__EXERCISE GOAL__:
Your copy should contain exactly the lines from the one that holds "Perry Ellis Perry" through the end of the material, reproduced as written, with no pictures.

__AVAILABLE DATA__:
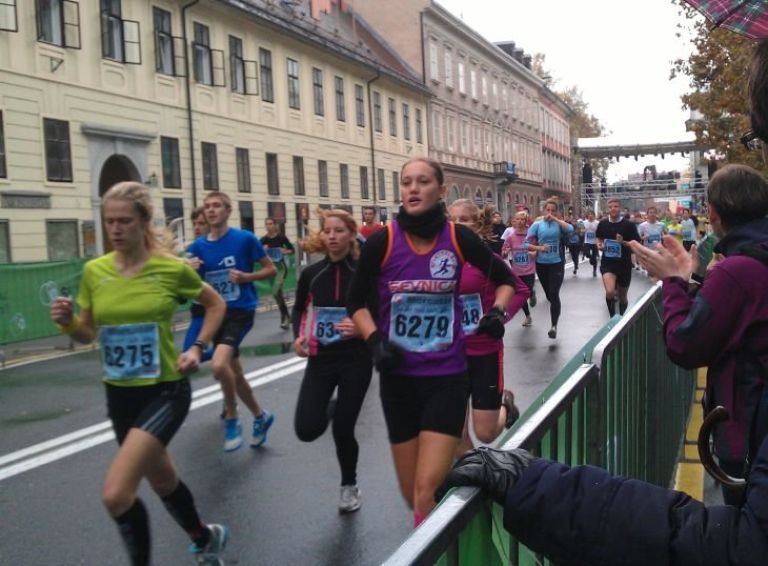 maja_medved2.jpg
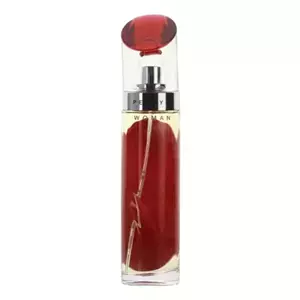 Perry Ellis Perry Woman - Интернет-магазин Aliks Perfume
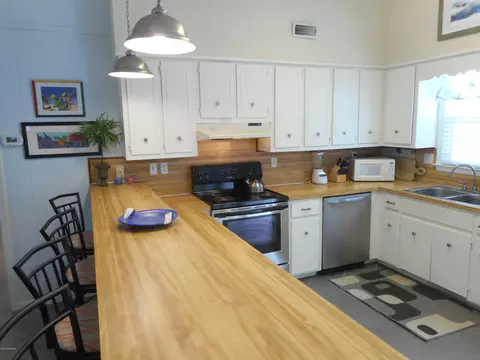 1103 E Main St, Sunset Beach, NC 28468 photo 12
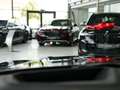 BMW 340 xDrive M SPORT PRO 19LM Glasdach 360K HUD Noir - thumbnail 20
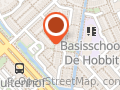 Kapsalon Van Rhoon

__YOUR SOLUTION__:
 Perry Ellis Perry Woman - Интернет-магазин Aliks Perfume
 1103 E Main St, Sunset Beach, NC 28468 photo 12
 BMW 340 xDrive M SPORT PRO 19LM Glasdach 360K HUD Noir - thumbnail 20
 Kapsalon Van Rhoon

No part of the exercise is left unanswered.